--- Available data Enclosed Below ---

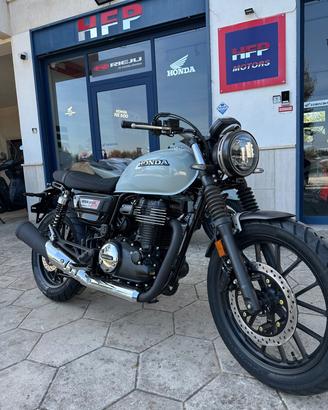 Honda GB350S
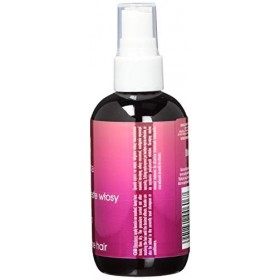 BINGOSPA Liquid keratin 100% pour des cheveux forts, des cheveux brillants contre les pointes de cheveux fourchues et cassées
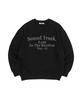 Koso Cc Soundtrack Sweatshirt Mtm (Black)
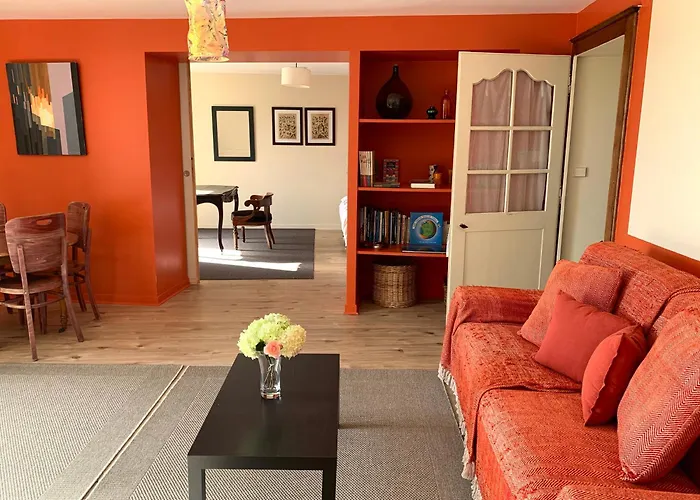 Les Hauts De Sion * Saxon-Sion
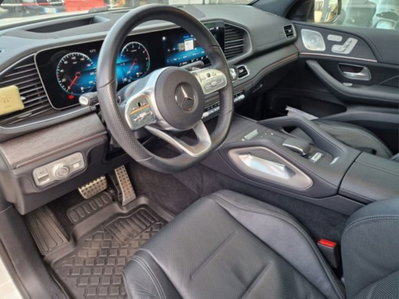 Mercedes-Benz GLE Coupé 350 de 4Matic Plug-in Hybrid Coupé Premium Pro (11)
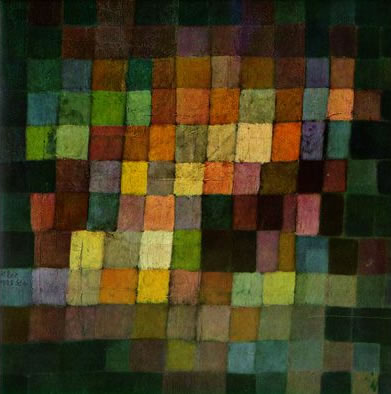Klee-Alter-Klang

--- End of Enclosed Available data ---
--- Available data Enclosed Below ---

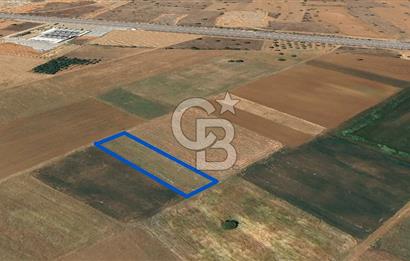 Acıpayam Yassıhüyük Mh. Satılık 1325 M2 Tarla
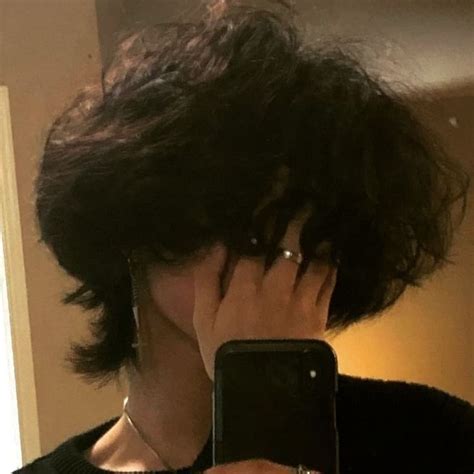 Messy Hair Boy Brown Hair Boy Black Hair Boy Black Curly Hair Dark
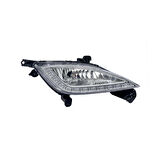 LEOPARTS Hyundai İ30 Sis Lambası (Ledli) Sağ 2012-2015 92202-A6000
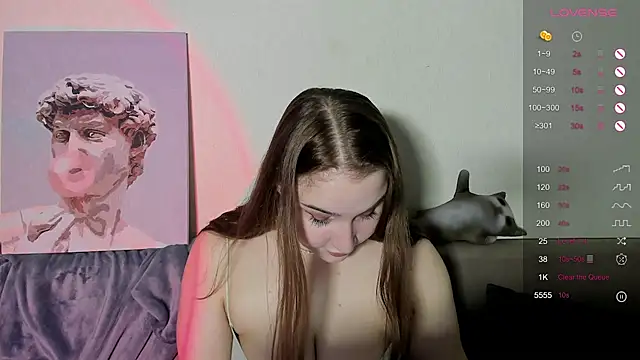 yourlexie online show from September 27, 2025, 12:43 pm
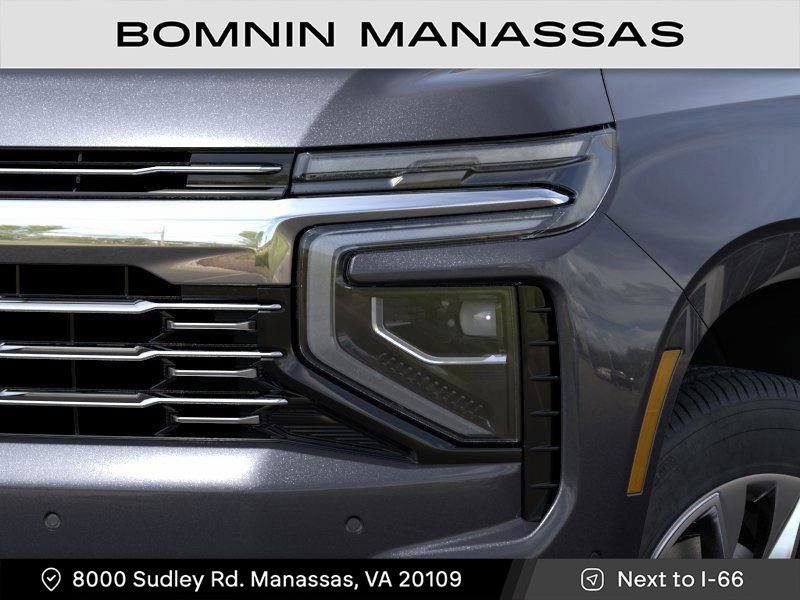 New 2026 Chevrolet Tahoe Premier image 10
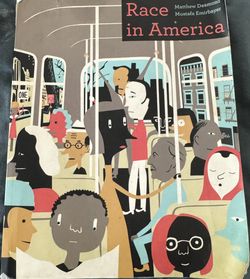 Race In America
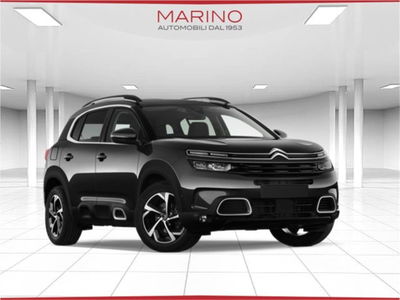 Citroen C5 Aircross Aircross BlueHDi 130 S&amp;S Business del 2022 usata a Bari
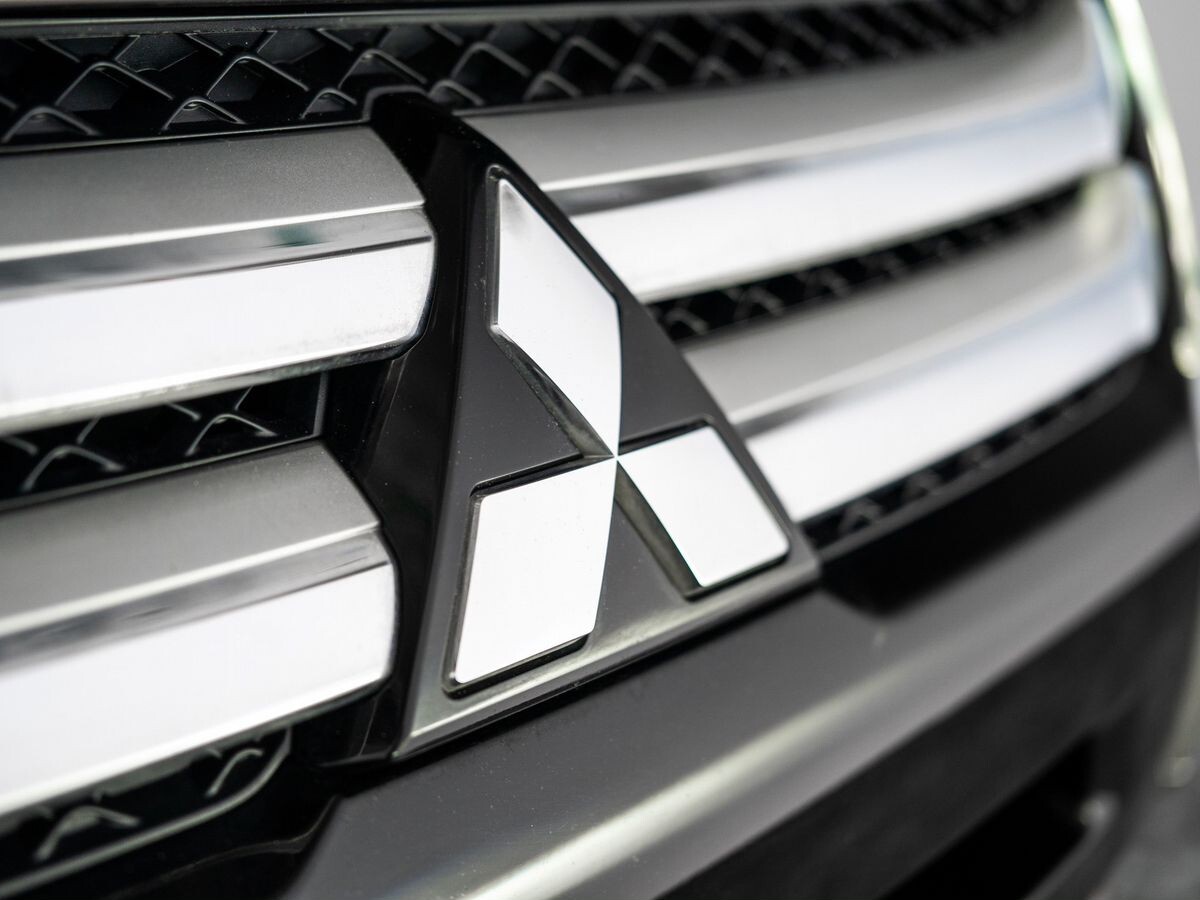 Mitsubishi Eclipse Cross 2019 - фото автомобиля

--- End of Enclosed Available data ---

Range to copy from the records above: the line containing "Acıpayam Yassıhüyük Mh." to the line containing "Mitsubishi Eclipse Cross", both included. Output those lines exactly and only those, skipping pictures.

Answer to the exercise:
 Acıpayam Yassıhüyük Mh. Satılık 1325 M2 Tarla
 Messy Hair Boy Brown Hair Boy Black Hair Boy Black Curly Hair Dark
 LEOPARTS Hyundai İ30 Sis Lambası (Ledli) Sağ 2012-2015 92202-A6000
 yourlexie online show from September 27, 2025, 12:43 pm
 New 2026 Chevrolet Tahoe Premier image 10
 Race In America
 Citroen C5 Aircross Aircross BlueHDi 130 S&amp;S Business del 2022 usata a Bari
 Mitsubishi Eclipse Cross 2019 - фото автомобиля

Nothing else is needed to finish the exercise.